AUSTIN – Texas should continue down its successful path of enabling competition in its electricity and telecommunications markets, according to a report released today by the Texas Public Policy Foundation.

“Texas has the most competitive electricity market in the U.S., if not the world. Its telecommunications market is equally successful,” says Bill Peacock, the report’s author. “Both have brought tremendous economic benefit to the state through billions of dollars of investment, lower prices, increased efficiencies, and helping to make Texas the best state in the country for working and doing business.”

The report, “A Tale of Two Markets: Telecommunications and Electricity,” was presented at today’s meeting of the Sunset Advisory Commission, which focused on changes proposed by Sunset staff to the structure and operations of the Public Utility Commission of Texas.

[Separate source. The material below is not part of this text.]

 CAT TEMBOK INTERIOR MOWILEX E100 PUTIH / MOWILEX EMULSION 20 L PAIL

While the report affirms the highly competitive nature of the electricity market, it makes recommendations that are structured around TPPF’s four findings that the regulatory structure overseeing the market could be improved:

1) Regulatory efforts to micromanage competition in the electricity market reduce competition, raise prices, and increase budgets, harming consumers and taxpayers;

2) Fuel and energy efficiency mandates increase costs and reduce consumer welfare;

3) High and/or inequitable taxes and fees assessed in the electricity and telecommunications markets increase consumer prices and reduce consumer welfare; and

4) Current statute governing the Texas telecommunications market restricts competition, increases consumer prices, and reduces consumer welfare.

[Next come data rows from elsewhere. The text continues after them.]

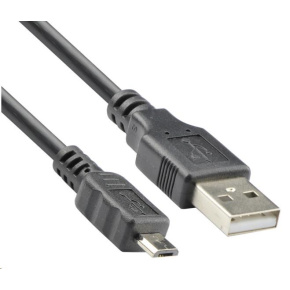 Kábel PREMIUMCORD Micro USB 2.0, A-B 1,5 m kábel určený na rýchle nabíjanie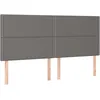 Image de vidaXL TÃªtes de lit 4 pcs Gris 100x5x78/88 cm Similicuir
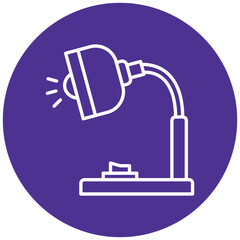 Fototapeta premium Lamp Icon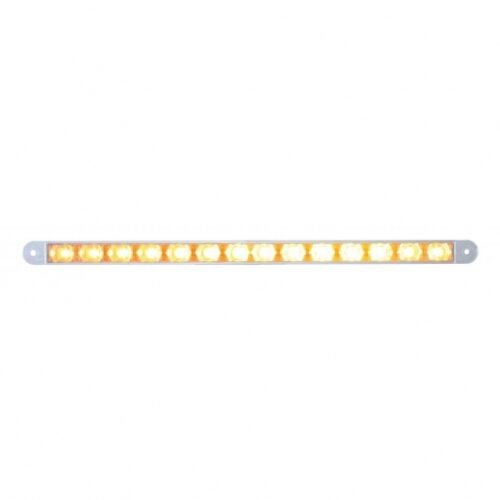 14 LED 12" Auxiliary Warning Light Bar Only - Amber LED/Clear Lens (Bulk)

Peacock highlighted the Sunset staff report’s conflicting treatment of competition between the telecommunications and electricity markets.

“While the Sunset staff report generally praises the results of Texas’ telecommunications restructuring, it recommends the imposition of significant new regulations on the electricity market, which is a reversal of 15 years of Texas policy direction,” Peacock says. “While the details of the transitions to competition for the telecommunications and electricity markets differ, the timeline and the results are remarkably similar. There are no functional, economic, or political reasons to treat them differently.”

“Recent proposals to protect against supposed anti-competitive behavior in the electricity market are solutions in search of a problem,” Peacock said. “The data clearly shows that they are unneeded – Texas retail and wholesale electricity markets are the most competitive in the world.”

Among the key recommendations of the Foundation’s report:

– Streamline the regulation of electricity rates, operations, and services at the Public Utility Commission;

– Eliminate price caps and market-share caps in the wholesale market;

– Eliminate fuel and energy efficiency mandates that increase the cost of electricity; and

– Eliminate or modify discriminatory and excessive telecommunications taxes and fees.

Bill Peacock is Vice President of Research and Director of the Center for Economic Freedom at the Texas Public Policy Foundation.

The Texas Public Policy Foundation is a non-profit free-market research institute based in Austin.